Filter the entries below, keeping only lines with the word "Escape".

(Dataset content begins)

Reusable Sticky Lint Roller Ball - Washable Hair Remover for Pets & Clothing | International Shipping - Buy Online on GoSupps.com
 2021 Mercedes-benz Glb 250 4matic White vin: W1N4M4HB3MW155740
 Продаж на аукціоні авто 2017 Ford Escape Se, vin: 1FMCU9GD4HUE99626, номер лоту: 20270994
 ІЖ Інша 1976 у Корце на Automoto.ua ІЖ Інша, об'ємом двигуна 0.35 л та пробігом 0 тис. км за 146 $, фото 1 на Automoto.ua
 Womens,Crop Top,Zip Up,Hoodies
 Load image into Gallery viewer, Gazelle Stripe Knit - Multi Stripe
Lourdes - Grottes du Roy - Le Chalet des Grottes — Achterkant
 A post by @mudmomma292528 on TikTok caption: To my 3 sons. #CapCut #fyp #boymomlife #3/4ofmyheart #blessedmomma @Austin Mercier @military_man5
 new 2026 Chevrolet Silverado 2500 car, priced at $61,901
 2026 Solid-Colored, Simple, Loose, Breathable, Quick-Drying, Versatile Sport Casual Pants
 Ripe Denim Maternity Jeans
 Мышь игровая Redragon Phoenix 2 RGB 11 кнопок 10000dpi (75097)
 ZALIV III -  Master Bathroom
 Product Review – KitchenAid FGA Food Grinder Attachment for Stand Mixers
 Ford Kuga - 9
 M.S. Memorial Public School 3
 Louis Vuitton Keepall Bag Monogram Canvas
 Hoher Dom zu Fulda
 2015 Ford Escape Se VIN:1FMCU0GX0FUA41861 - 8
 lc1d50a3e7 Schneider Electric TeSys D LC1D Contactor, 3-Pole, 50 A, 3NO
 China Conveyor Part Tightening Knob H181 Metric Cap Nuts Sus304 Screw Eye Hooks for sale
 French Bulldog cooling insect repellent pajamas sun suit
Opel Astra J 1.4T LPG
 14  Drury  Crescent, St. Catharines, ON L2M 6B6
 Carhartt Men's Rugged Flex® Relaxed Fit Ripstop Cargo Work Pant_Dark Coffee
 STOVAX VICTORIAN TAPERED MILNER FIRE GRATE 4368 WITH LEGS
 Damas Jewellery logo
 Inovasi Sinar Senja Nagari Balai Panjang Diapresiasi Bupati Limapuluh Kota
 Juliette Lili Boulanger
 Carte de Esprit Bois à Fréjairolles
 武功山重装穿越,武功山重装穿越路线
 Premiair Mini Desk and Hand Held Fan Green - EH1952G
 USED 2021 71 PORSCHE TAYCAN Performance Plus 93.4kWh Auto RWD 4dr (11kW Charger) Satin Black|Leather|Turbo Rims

(Dataset content ends)

Final answer ▸
 Продаж на аукціоні авто 2017 Ford Escape Se, vin: 1FMCU9GD4HUE99626, номер лоту: 20270994
 2015 Ford Escape Se VIN:1FMCU0GX0FUA41861 - 8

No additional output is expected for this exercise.